The purpose of Basel II, the second of the Basel Accords (which are recommendations on banking laws and regulations issued by the Basel Committee on Banking Supervision), was to create an international standard that banking regulators can use when creating regulations about how much capital needs to be reserved to guard against financial and operational risks. In essence, the goal was to reduce risk and insure trade even in the event that a series of major banks collapsed.

But did it, in fact, accomplish the exact opposite? In two recent articles in the financial times which addressed the current trade credit shortages that are threatening to throttle the global flow of goods, we see that “Basel II has become (an) obstacle to trade flows”. It seems that the Basel II charter imposes a significant increase in the risk weighting for this activity, relative to its predecessor. (This is scary. Physical goods HAVE a value and invoices to solvent companies result in receivables and trade credit loans make a lot more sense than business development loans to risky start-ups or bail-outs to big corporations that ARE NOT too big to fail in this economy).

More specifically, the focus of Basel II on the “probability of default” of banks’ counterparts — which naturally increases during downturns — substantially exacerbates the negative effect of recessions on banks’ lending. In this context, Basel II has inadvertently become an obstruction to the very lifeblood of international trade.
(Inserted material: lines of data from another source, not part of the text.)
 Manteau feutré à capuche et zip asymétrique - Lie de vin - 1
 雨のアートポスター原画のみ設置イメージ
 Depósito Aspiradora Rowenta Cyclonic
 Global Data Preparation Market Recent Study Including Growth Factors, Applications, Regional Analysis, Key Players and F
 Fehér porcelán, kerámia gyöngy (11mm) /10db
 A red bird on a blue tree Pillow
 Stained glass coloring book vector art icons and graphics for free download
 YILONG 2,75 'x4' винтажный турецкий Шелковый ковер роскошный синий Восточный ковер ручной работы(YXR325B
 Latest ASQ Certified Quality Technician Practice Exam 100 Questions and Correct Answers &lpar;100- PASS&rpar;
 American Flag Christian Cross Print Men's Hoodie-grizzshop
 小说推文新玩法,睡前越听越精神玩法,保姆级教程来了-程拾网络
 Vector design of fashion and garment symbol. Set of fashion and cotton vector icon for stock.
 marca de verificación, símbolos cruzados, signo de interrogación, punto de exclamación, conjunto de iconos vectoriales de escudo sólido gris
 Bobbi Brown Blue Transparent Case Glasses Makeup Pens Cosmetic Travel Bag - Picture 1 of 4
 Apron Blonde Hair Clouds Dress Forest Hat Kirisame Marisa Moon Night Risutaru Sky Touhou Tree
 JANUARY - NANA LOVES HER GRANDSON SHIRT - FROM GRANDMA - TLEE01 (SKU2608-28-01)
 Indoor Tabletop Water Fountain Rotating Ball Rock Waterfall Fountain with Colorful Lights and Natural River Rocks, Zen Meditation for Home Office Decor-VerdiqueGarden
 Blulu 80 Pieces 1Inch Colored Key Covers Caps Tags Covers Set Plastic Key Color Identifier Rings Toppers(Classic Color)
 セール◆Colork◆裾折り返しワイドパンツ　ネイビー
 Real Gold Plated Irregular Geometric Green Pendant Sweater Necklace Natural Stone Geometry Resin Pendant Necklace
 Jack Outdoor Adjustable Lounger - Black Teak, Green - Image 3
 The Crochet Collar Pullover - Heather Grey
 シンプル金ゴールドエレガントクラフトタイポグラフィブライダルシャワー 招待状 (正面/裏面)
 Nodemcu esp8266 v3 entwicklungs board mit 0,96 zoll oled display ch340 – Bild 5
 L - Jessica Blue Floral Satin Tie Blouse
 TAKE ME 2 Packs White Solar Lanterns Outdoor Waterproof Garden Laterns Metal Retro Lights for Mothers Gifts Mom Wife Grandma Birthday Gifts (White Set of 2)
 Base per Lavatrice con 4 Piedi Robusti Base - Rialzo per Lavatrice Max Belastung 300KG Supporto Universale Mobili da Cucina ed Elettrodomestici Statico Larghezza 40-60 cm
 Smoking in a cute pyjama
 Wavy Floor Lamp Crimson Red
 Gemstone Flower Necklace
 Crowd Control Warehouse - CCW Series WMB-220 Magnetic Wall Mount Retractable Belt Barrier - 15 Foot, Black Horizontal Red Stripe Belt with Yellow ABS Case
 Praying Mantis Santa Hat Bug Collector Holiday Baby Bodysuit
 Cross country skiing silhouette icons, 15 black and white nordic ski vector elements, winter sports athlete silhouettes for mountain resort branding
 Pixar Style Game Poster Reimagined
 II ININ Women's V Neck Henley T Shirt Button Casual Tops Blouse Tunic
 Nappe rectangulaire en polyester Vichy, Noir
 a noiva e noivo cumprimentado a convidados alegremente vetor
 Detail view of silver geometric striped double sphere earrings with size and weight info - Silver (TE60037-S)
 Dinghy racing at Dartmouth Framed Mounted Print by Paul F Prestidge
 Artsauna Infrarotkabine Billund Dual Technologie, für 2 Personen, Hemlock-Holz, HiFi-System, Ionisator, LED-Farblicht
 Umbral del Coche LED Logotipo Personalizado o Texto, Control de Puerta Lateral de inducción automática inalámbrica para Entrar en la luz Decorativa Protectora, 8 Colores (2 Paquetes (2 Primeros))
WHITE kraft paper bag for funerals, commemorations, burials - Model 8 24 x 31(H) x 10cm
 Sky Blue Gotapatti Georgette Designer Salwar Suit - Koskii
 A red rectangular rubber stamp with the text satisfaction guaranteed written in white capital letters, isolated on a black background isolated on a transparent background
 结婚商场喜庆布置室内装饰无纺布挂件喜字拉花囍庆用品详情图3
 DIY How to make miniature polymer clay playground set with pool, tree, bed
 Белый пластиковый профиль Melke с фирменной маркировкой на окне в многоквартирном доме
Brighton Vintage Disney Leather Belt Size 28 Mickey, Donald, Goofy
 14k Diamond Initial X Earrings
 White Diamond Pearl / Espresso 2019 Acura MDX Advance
As a result, even though the “World Bank (is) urged to lift trade credit finance” by the primary global players in trade finance, until a review of the impact of Basel II implementation on lending activities is carried out and new recommendations are made, those companies that don’t take a different path to trade finance and start trading against accounts receivable on The Receivables Exchange (in the US) or Venture Finance (in the UK) are going to have a very rough road ahead.